Il libro si muove dentro questa prossimità. Le fotografie non cercano effetti, non rincorrono una tesi, non costruiscono scorciatoie emotive. Seguono piuttosto il ritmo di una presenza. Matteo appare nella camera dei genitori, sulle scale del liceo nei primi giorni di scuola, sul bus del progetto Pescara Social Aut, in spiaggia, al parco, accanto al padre, vicino alla sorella. In ogni immagine il racconto si misura con il suo tempo, con il suo modo di attraversare gli spazi, con una forma di ascolto che precede qualsiasi interpretazione.

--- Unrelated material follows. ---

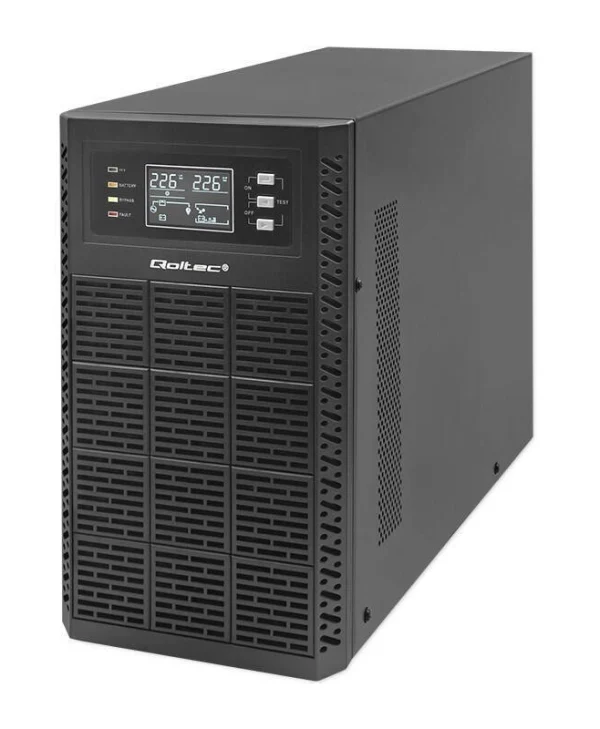 Qoltec 52282 UPS 3000VA 3000W με 2 Schuko Πρίζες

In Un passo indietro la neurodivergenza entra nella pagina come esperienza concreta, fatta di relazione, percezione, disorientamento, affettività, abitudini condivise. Il progetto evita la semplificazione e lascia emergere Matteo nella sua singolarità. Il suo mondo interiore si affaccia attraverso dettagli minimi, attese, contatti, distanze, oggetti che sembrano trattenere un significato instabile. Ne nasce un racconto capace di restituire la complessità della persona senza chiuderla in una formula già nota.

La forza del lavoro sta anche nella sua tenuta narrativa. Le immagini dialogano tra loro con continuità, costruendo un percorso che accompagna il lettore dentro una dimensione familiare e relazionale densa di sfumature. Il libro conserva questa qualità e la amplifica: la sequenza, l’impaginazione, il respiro delle pagine permettono al progetto di trovare una forma piena, coerente con il soggetto e con il metodo da cui nasce.

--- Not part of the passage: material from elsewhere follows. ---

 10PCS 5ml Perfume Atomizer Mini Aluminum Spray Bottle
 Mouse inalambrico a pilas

Vincitore della quinta edizione del Premio Fotografico Umane Tracce, Un passo indietro si inserisce con forza nel percorso del Premio, che negli anni ha scelto lavori capaci di affrontare temi umanistici con precisione, responsabilità e consapevolezza formale. Anche in questo caso il libro non rappresenta soltanto l’esito editoriale del progetto, ma una parte essenziale della sua compiutezza.

Con Un passo indietro, Nicola Vinciguerra consegna al lettore un lavoro costruito sul rapporto, sul tempo e sulla fiducia. Un libro che chiede attenzione, che invita a guardare con più lentezza e che restituisce a Matteo, pagina dopo pagina, la densità della sua presenza.